• _DATASET SECTION_
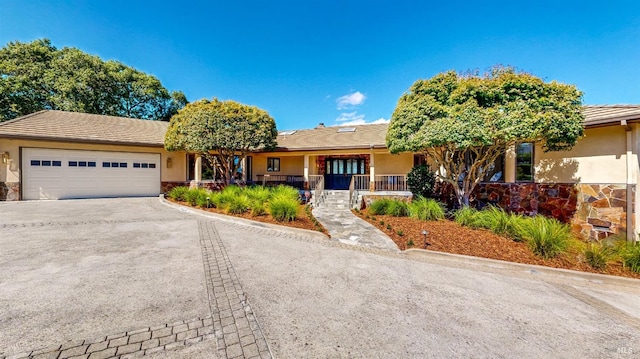 view of front of property with a porch and a garage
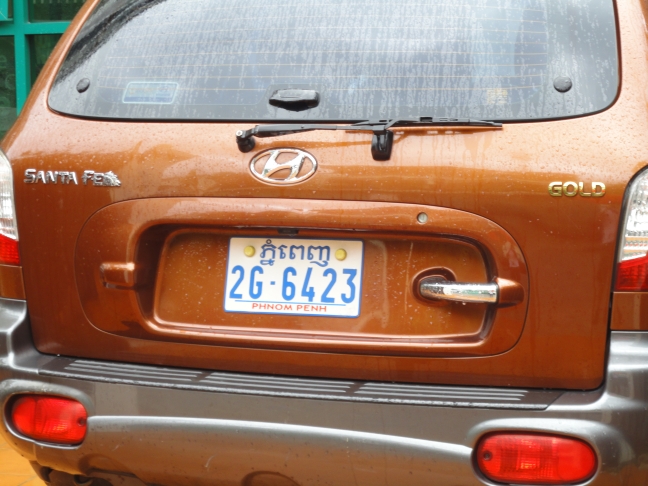 the back of a car is brown with a license plate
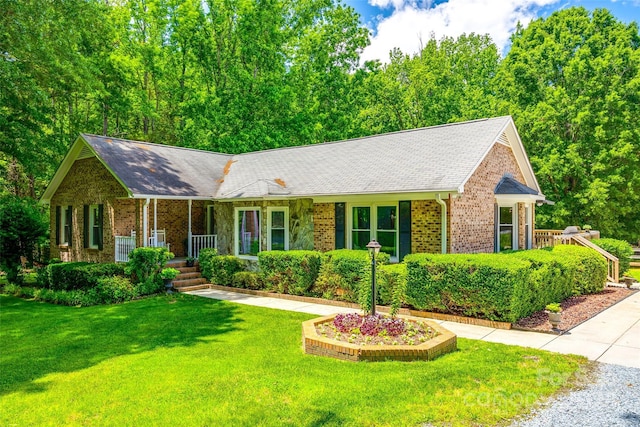 7712 Old Waxhaw Monroe Rd, Waxhaw, NC 28173 - ranch-style home featuring covered porch, brick siding, a front yard, and roof with shingles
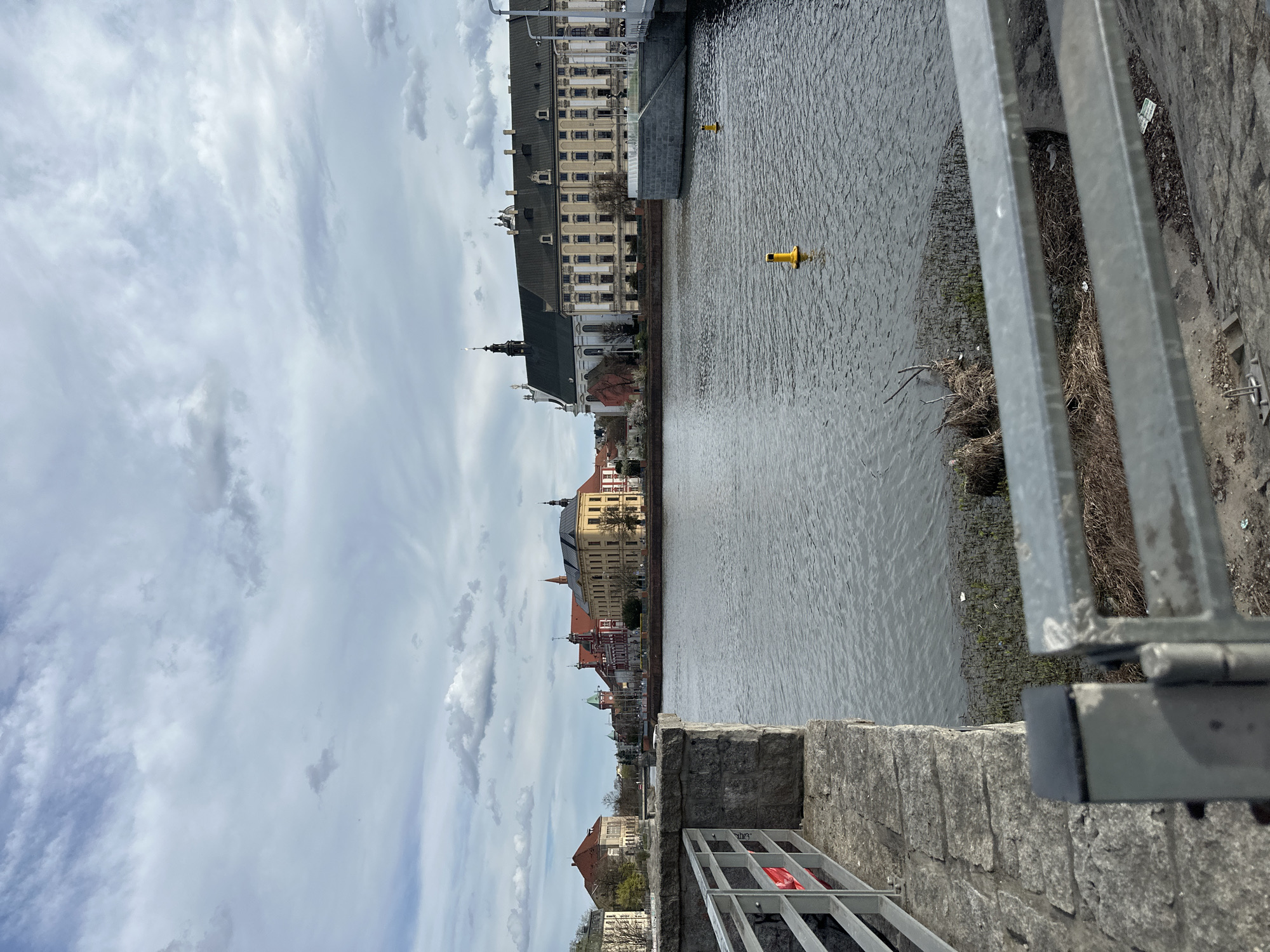 The image captures a view of Wrocław, Poland, from a bridge overlooking the Oder River. The sky is partially cloudy. Buildings line the riverbank, including the University of Wrocław with its distinctive baroque architecture. Two yellow buoys are visible in the water. A metal railing and a stone wall of the bridge are in the foreground, partially obscuring the view. The environment appears calm and urban. No people are visible.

• _TO DO_
Omitting all pictures, give the preceding listing again exactly.

• _SOLUTION FOR THIS EXERCISE_
 view of front of property with a porch and a garage
 the back of a car is brown with a license plate
 7712 Old Waxhaw Monroe Rd, Waxhaw, NC 28173 - ranch-style home featuring covered porch, brick siding, a front yard, and roof with shingles
 The image captures a view of Wrocław, Poland, from a bridge overlooking the Oder River. The sky is partially cloudy. Buildings line the riverbank, including the University of Wrocław with its distinctive baroque architecture. Two yellow buoys are visible in the water. A metal railing and a stone wall of the bridge are in the foreground, partially obscuring the view. The environment appears calm and urban. No people are visible.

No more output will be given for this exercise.